Y luego está “la gran corrupción”: el abuso del poder político y del dinero público para el beneficio particular, que mina la confianza, los derechos humanos y la seguridad. Esa que se alimenta de redes y normas bancarias transnacionales que hacen la vista gorda, de agentes inmobiliarios, contables, abogados y todo tipo de servicios financieros capaces de lavar grandes fortunas en una nueva homogeneización del orden global. Esos que alimentan las películas de poder y lujo pero que siguen siendo muy reales. Se calcula que el coste combinado de sobornos, corrupción y crimen organizado supone entre un 2% y un 5% del PIB mundial.

Es una potente epidemia silenciosa que corroe las entrañas de muchos Estados y perjudica a los de siempre: los que menos tienen. Una epidemia global tradicionalmente amparada en la impunidad: las grandes instituciones financieras internacionales no rastreaban el destino de las ingentes cantidades de dinero que facilitaban por considerarlo injerencia en asuntos internos.

Lo cierto es que las medidas tomadas no acaban de dar fruto. En 2005, la ONU adoptó la Convención contra la Corrupción, firmada por 187 países.

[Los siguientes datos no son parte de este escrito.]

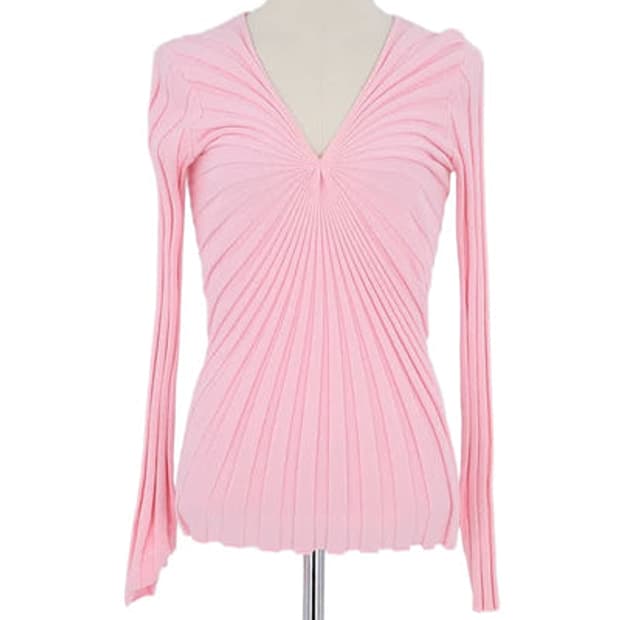 Sandro 산드로 브이넥 리브드 니트 55 (딸기우유)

Pero la ONU, ya se sabe, no tiene forma de hacer que los firmantes cumplan lo comprometido, más allá de las leyes nacionales. Y hecha la ley, hecha la trampa. En ellas se suelen amparar los cleptócratas para castigar a quienes se oponen a ellos, gracias a su control de la policía y del sistema judicial.

Recientemente, sin embargo, la lucha contra la corrupción parece ganar un nuevo impulso, al menos retórico. Los ministros de Exteriores del G-7 la declararon un “desafío global acuciante” y se comprometieron a seguir batallando.

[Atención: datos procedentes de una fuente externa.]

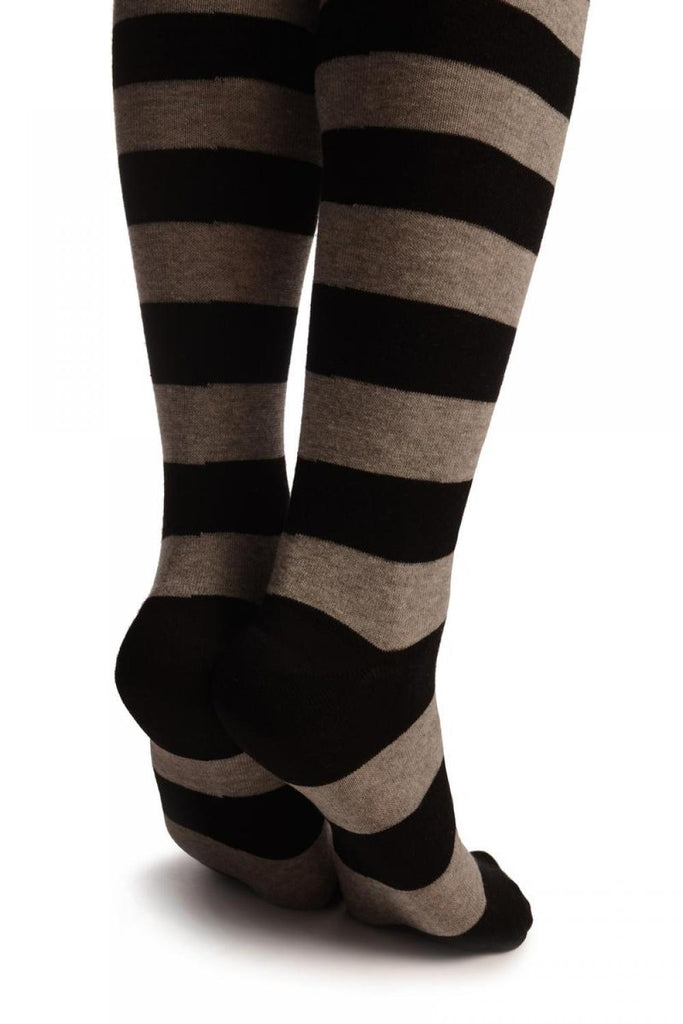 Liss Kiss Monkey On Beige With Grey & Black Stripes - Over The Knee Socks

Más explícito ha sido Joe Biden, cuya Administración acaba de publicar un memorándum que establece la lucha contra la corrupción como parte del interés de la seguridad nacional del país.

Pero la propuesta más novedosa es la de crear un Tribunal Internacional Anti-Corrupción, al estilo del Tribunal Penal Internacional. A imagen de este, contaría con investigadores, fiscales internacionales y jueces con capacidad demostrada para perseguir redes financieras transnacionales. La propuesta ha sido presentada por Integrity Initiatives International y más de 100 personalidades, entre ellos destacados políticos, jueces y representantes de la sociedad civil han firmado una declaración de apoyo.

Merece la pena explorar esta idea. Cuando los mecanismos establecidos fallan, es necesario buscar nuevos caminos. Combatir la corrupción a escala global es claramente uno de los desafíos de nuestro tiempo.